Queiramos ou não, nós que estamos no limiar de um novo século vivemos num tempo de mudanças cataclísmicas. Para alguns. isso é excitante, revigorante, estimulante, desafiador e promissor; para outros, este é um tempo de desconfortáveis, ameaçadores e apavorantes pesadelos.
A Igreja não está imune às tensões. Por um lado, há o clamor de que “a Igreja deve mudar para enfrentar os desafios do novo milênio”. Por outro lado, há a posição cuidadosa de “mantermos a linha, sem mudanças”.
Os fatores que condicionam nossos sentimentos a respeito dessas mudanças são teológicos e sociais. Mas quaisquer que sejam os fatores e os sentimentos, devemos encarar as mudanças que, estejamos preparados ou não, estão vindo.
A geração anterior à Segunda Guerra Mundial estava comprometida com a criação de estabilidade. Viveu através da Grande Depressão, com pouca estabilidade e onde as mudanças indicavam sofrimento e miséria. Lutou para manter o estilo de vida conhecido. Lutando contra as circunstâncias, procurava tornar as coisas tão estáveis quanto possível, enquanto as idéias prevalecentes apontavam as mudanças como sendo más, sendo vistas com uma suspeita que beirava a paranoia.

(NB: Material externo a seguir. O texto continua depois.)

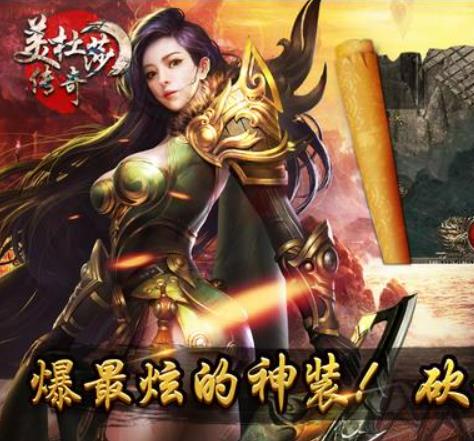 在这无尽的征途中，战士的勇往直前让他们不断取得新的胜利。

Quando a guerra terminou, os soldados voltaram comprometidos em criar um ambiente imutável para suas famílias. De fato, algumas coisas necessitavam melhorar, mas a maioria das pessoas queria algo estável e imutável. Políticos foram eleitos prometendo tranquilidade e segurança econômica. As pessoas escolhiam uma marca de automóvel e lhe permaneciam leais durante toda a vida. Conseguiam um trabalho e planejavam jamais sair dele até a aposentadoria. Adotavam uma igreja e isso era definitivo.
Já os filhos dessa geração eram diferentes. Não tendo experimentado a miséria dos pais, achavam as mudanças estimulantes. Seu apetite por idéias novas e diferentes produtos, novas maneiras de relacionamento com situações e pessoas eram tão viscerais como o compromisso dos pais com o status quo. Lealdade a uma marca era coisa do passado. As pessoas compravam pela qualidade, pelo visual, e pelo que capturava seu interesse. As coisas não eram boas apenas porque alguns o afirmavam. Era preciso tentar, testar e buscar por si mesmas. Mudança era símbolo de valor.
Os pais, naturalmente, com freqüência sentiram-se traídos e perplexos. Tudo o que eles sacrificaram ou estabeleceram com o objetivo de criar segurança; tudo o que compraram como sendo para sempre era trocado; rejeitado por aqueles para quem eles criaram tal permanência.
Ponto de choque
Essa mesma tensão é claramente dramatizada na Igreja, onde duas distintas visões de mundo, duas gerações diferentes, estão se chocando. Uma visão diz que deve haver mudanças substanciais para a sobrevivência da Igreja, relacionada ao que pretendemos alcançar, e cumprimento da comissão evangélica. Já quase perdemos uma geração inteira, dizem alguns, e estamos em vias de perder mais uma. Não estamos causando impacto no mundo. A questão não é se devem ocorrer as mudanças, mas quais mudanças devem ser feitas, e já. Com efeito, alguns estão dizendo: “se algo não acontecer logo, estamos fora.”
Outros, conservadores, afirmam que Deus nos suscitou como um povo. Ele é o Criador da Igreja. Assim, se mudarmos a Igreja, estamos destruindo-a. Qualquer alteração significativa equivale a rejeitar quem a criou. Reestruturar a Igreja é jogar fora os sustentáculos que a tornaram forte. Estamos perdendo membros, eles dizem, porque a igreja mudou muito e continua mudando. Numa era de transformações massivas, o povo necessita de uma igreja estável. Em meio às suas próprias mudanças, a igreja não pode dar, e não dá, ao povo a estabilidade e segurança necessárias. A Igreja está abrindo mão de coisas que, se retidas e divulgadas, atrairão o povo.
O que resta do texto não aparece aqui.